▸ DIRECTIONS FOR THIS TASK
Images don't belong in the copy. Output the rest of the data exactly.

——

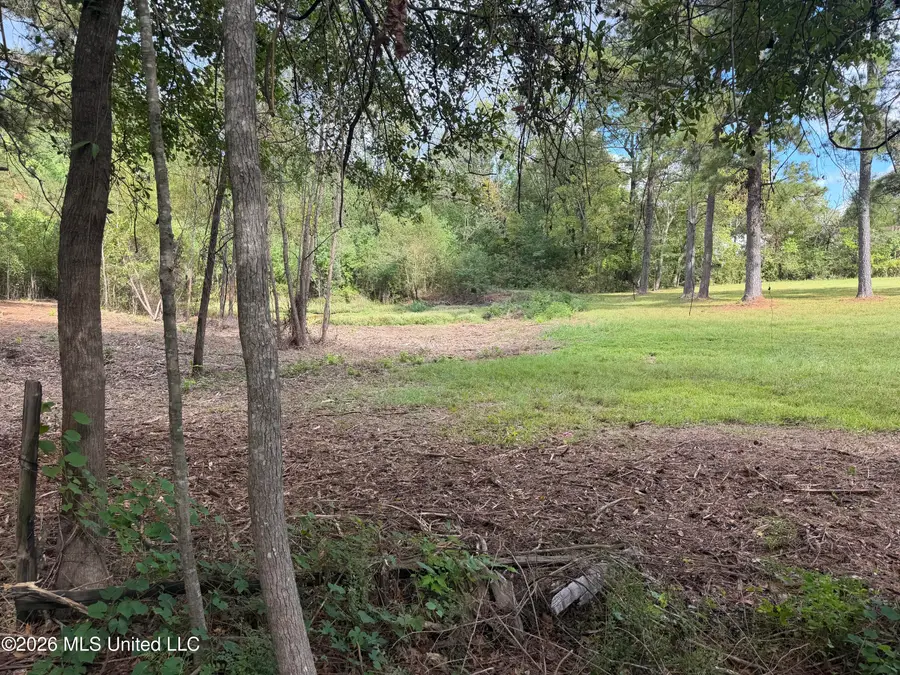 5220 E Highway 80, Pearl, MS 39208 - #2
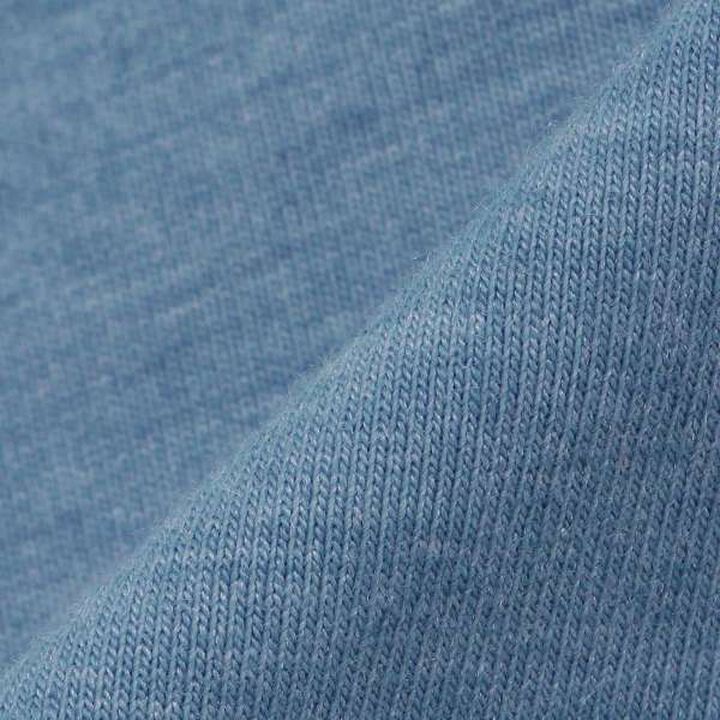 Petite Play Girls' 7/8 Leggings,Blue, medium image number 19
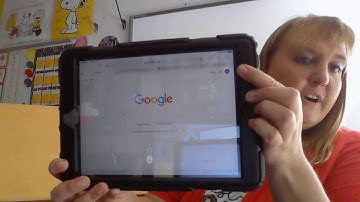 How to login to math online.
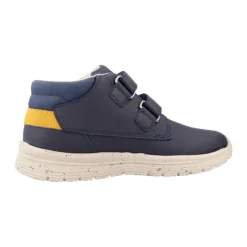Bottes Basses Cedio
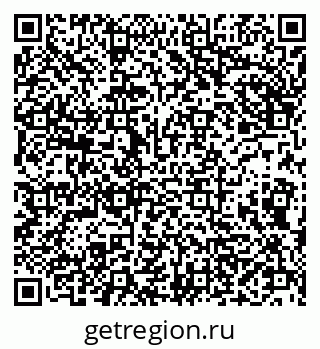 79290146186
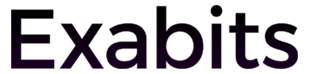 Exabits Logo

——

▸ REPLY
 5220 E Highway 80, Pearl, MS 39208 - #2
 Petite Play Girls' 7/8 Leggings,Blue, medium image number 19
 How to login to math online.
Bottes Basses Cedio
 79290146186
 Exabits Logo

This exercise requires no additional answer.